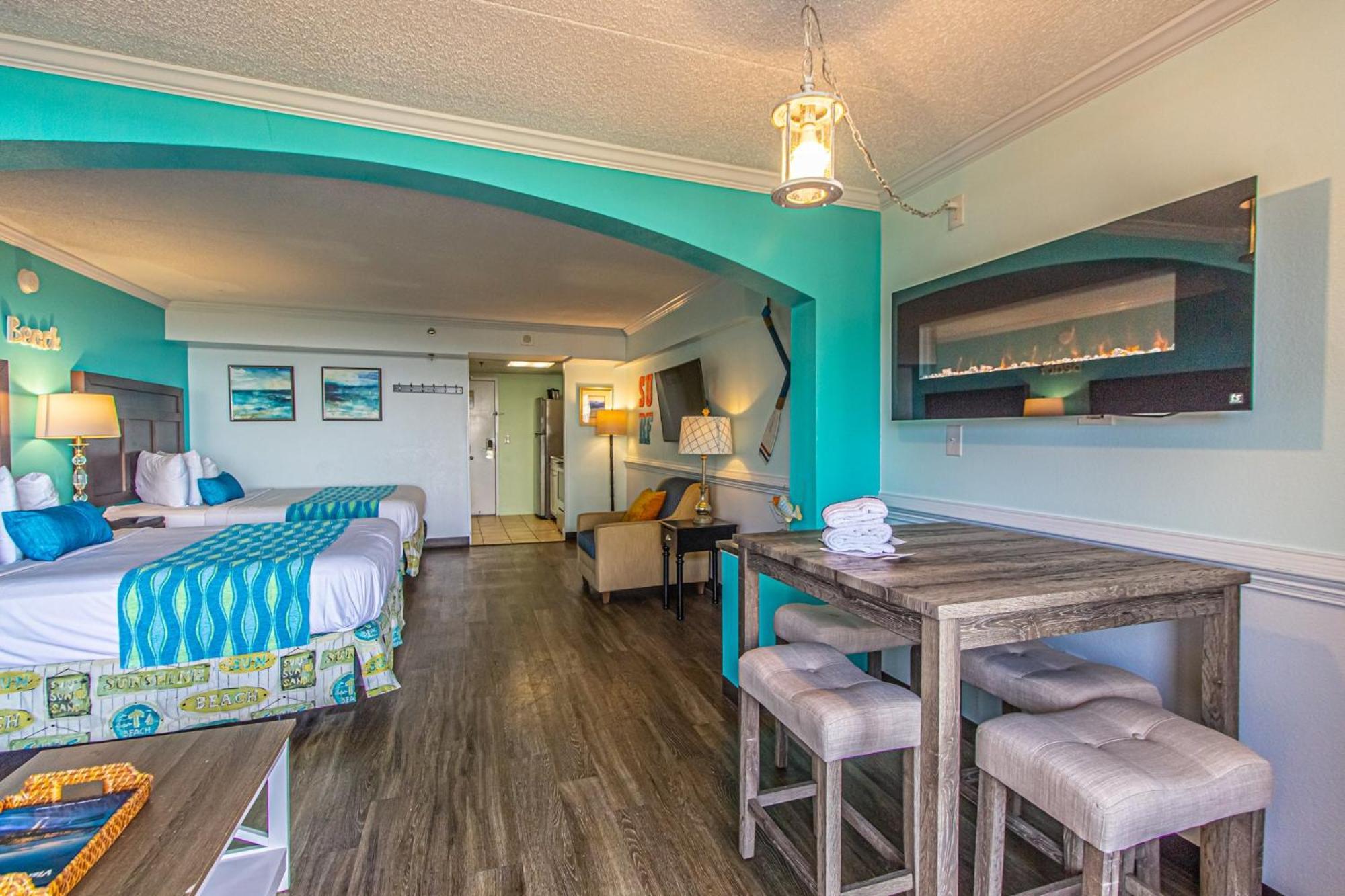 Oversized Ocean View Queen Suite With Beautiful Fireplace And Accents - Sleeps 4 Guests! Миртл-Бич Номер фото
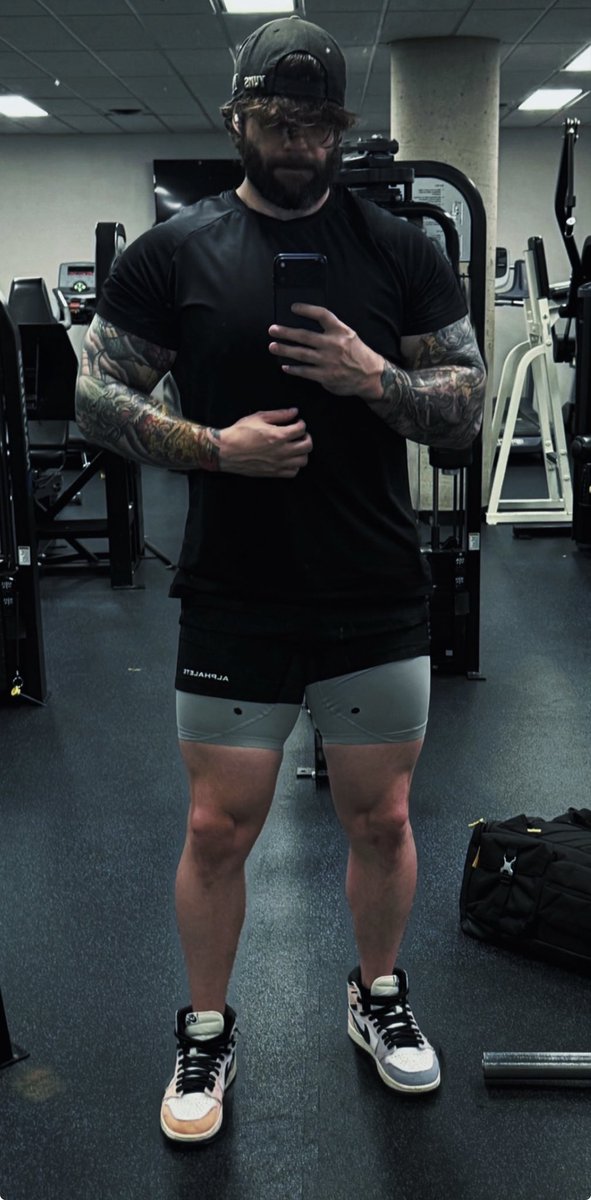 MattyKee's tweet photo. Tore my psoas 2 1/2 months ago and it’s been frustrating as FUUUUUCK not being able to do a proper leg day😫😢. Finally back to torturing the legs for real😝

 Leg day = Best day 🤙 https://t.co/yUkn3n261H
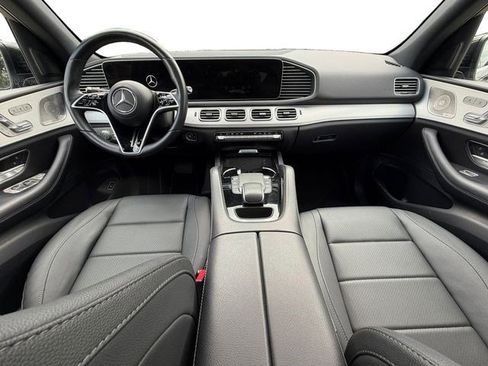 Used 2025 Mercedes-Benz GLE 350 4MATIC image 13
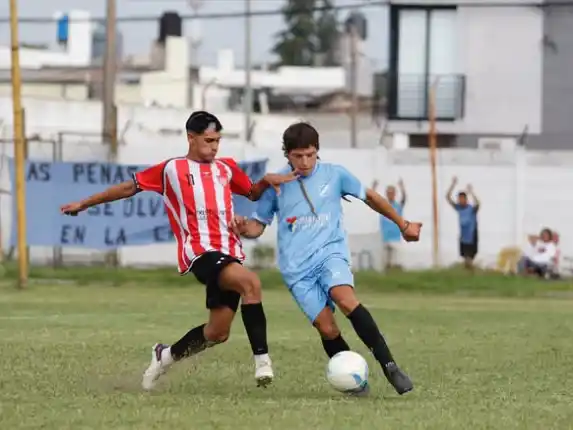 Los “Defensores” abrieron la segunda jornada en el Estadio Municipal (crédito: IG Gol Entra).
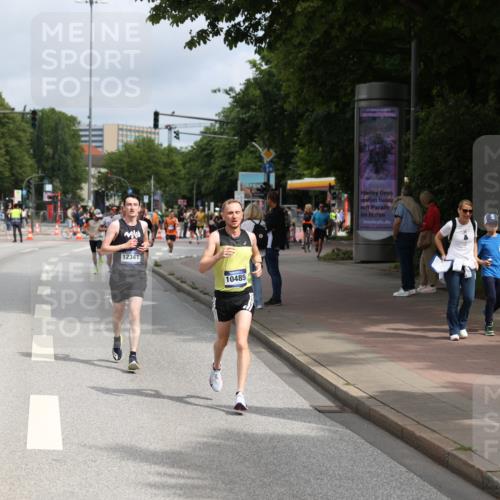 29.06.2025 - hella hamburg halbmarathon Yannick Fuchs http://msf.ph/oto/8166148 29.06.2025 10:22:39 20KM 2203, 7651, 9804, 10485, 10655, 12341, 13941, 13956, 14757, 14828, 15136, 15576, 15583, 17354, 17893, 18037, 19114 meine-sportfotos.de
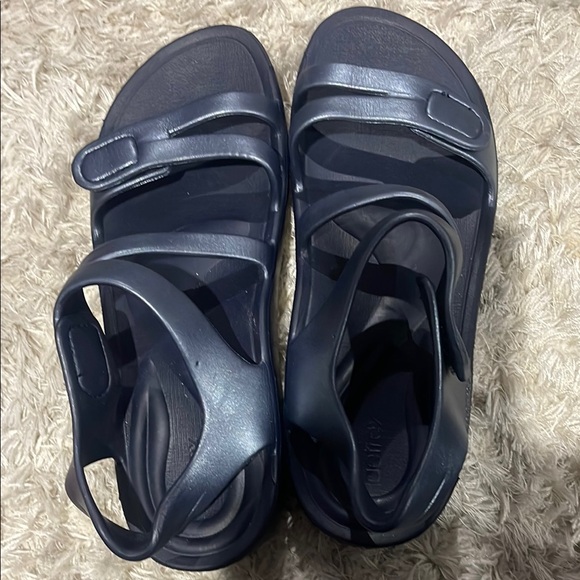 Aetrex Jillian Navy Blue Strappy Sandal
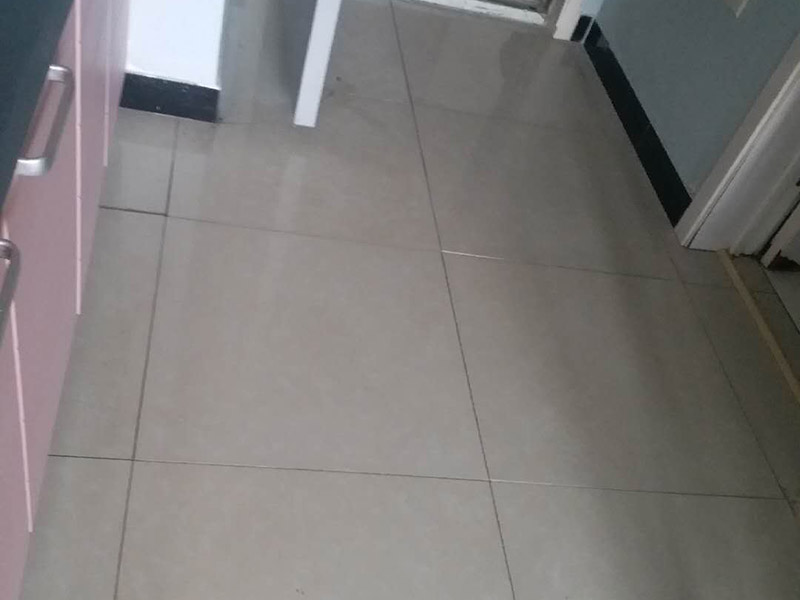 客廳地磚修補(bǔ)：沿瓷磚四周邊緣清除嵌縫白水泥，并用小鑿子仔細(xì)地拆除損壞瓷磚。瓷磚鑿掉后，用鋼鑿將底層水泥砂漿鑿掉，用力不得過重，否則會震碎其他完好的瓷磚。貼瓷磚前應(yīng)將瓷磚浸水濕潤，晾干后在瓷磚背面薄薄地涂刮一層107膠水泥漿，然后用力加壓就位，并檢查新貼上的瓷磚是否與四周瓷磚齊平。新貼好的瓷磚的接縫仍要用白水泥漿填嵌，并清除瓷磚面上多余的水泥漿。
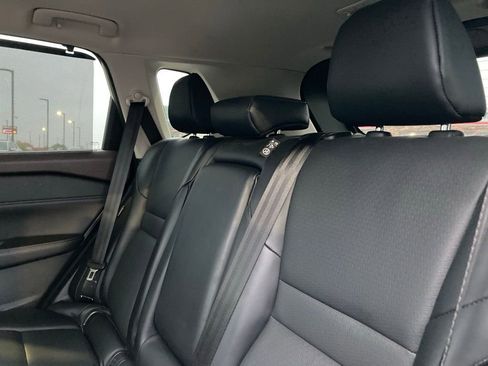 Used 2021 Nissan Rogue SV w/ Premium Package image 11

● ● ● ● ●

[Task instructions]: Using the data above, retype exactly the lines from the line with "29.06.2025 - hella" to the line with "Aetrex Jillian Navy Blue Strappy Sandal", inclusive. No pictures and nothing else.

[Answer for the task]:
 29.06.2025 - hella hamburg halbmarathon Yannick Fuchs http://msf.ph/oto/8166148 29.06.2025 10:22:39 20KM 2203, 7651, 9804, 10485, 10655, 12341, 13941, 13956, 14757, 14828, 15136, 15576, 15583, 17354, 17893, 18037, 19114 meine-sportfotos.de
 Aetrex Jillian Navy Blue Strappy Sandal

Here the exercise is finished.